Charles Walker was born in Nashville July 12th, 1940. He was nicknamed 'Wig' by his mother because of his full head of hair as a kid. Like so many others from Charles background his singing began in Church and school.
His professional musical journey began in his hometown with his first recording 'Slave To Love' released in 1959 on the Nashville 'Champion' label. He relocated to New York shortly afterwards and met record entrepreneur Bobby Robinson who cut some demos with Charles for his 'Fury' label. Soon afterwards, a chance meeting with the J.C Davis Band, who had played the famed Apollo Theatre, opening for Jackie Wilson led to Charles becoming their lead singer.
During his time with the L.C Davis band he toured the country opening for many of the greats of the era, including Jackie Wilson, James Brown, Etta James, Wilson Pickett, and Little Willie John. With Charles as lead singer they recorded 'Sweet Sweet Love' and 'The Chicken Scratch' for Chess records. These cuts never become hits at the time, but their quality has endured that over the years they have become highly collectable.

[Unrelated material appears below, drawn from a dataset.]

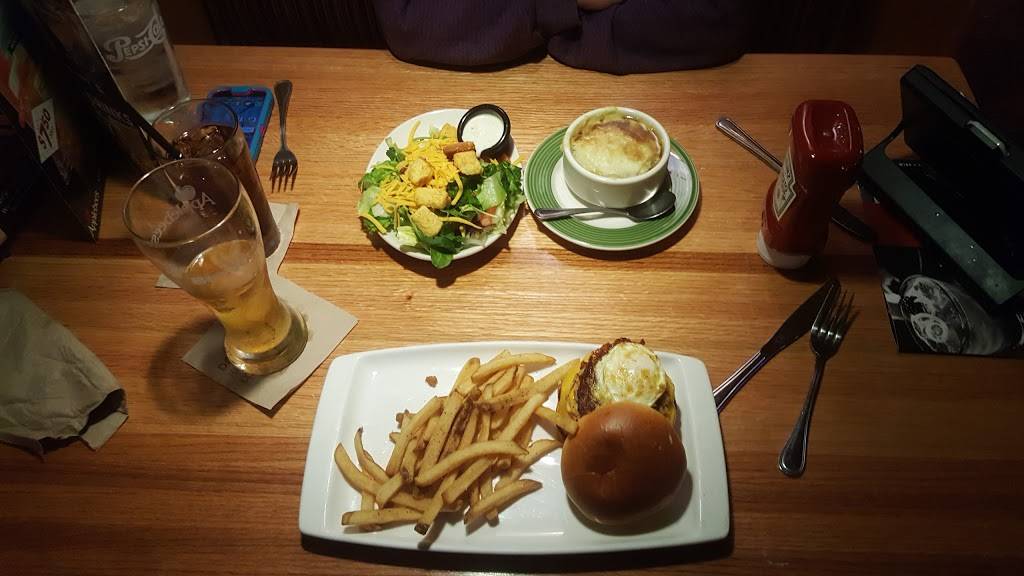 Applebees Grill + Bar | restaurant | 1335 Town Centre Dr, Eagan, MN 55123, USA | 6516867022 OR +1 651-686-7022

By 1965 Charles had split with the J.C Davis band and taking some of the key players with him formed 'Little Charles and The Sidewinders' . Through the help of Lloyd Price the group recorded 8 sides for Decca, but they didn't chart. The Sidewinders continued to record for more outre labels with names like Botanic, Drum and Red Sands. At one time Charles even had his own label, P R Gallery. If that's an odd name for a record company it's because it was named after a New York art gallery which Charles owned in the eighties.
The Sidewinders and a solo album recorded for Lloyd Price in the 70s remains unreleased. Throughout much of the 70s Charles' music career was on hold as he threw his efforts into his gallery, until he took a short stint as a songwriter for Motown in 1979. He then decided to relocate to Europe, with writing partner Barbara Perrie. Some of his earlier recordings had been reissued in Europe that created a demand for 'live appearances '.
Charles spent most of the eighties in England and Spain with his career mostly in once again in limbo before returning to Nashville in 1993.Although reluctantly and not in the best of personal circumstances Charles found that he'd returned to a thriving blues/soul scene and quickly slipped back into the live circuit. Other legendary Nashville soul/blues recording artists were also making comebacks and Charles would often sit in on sessions with the likes of Earl Gaines, Roscoe Shelton, Johnny Jones, Al Garner appearing on Garner''s "Leavin' Tennessee" album on Black Magic; followed by his own disc for the label in 1999. It was picked up by Cannonball in early 2000 and retitled "Leavin' This Old Town".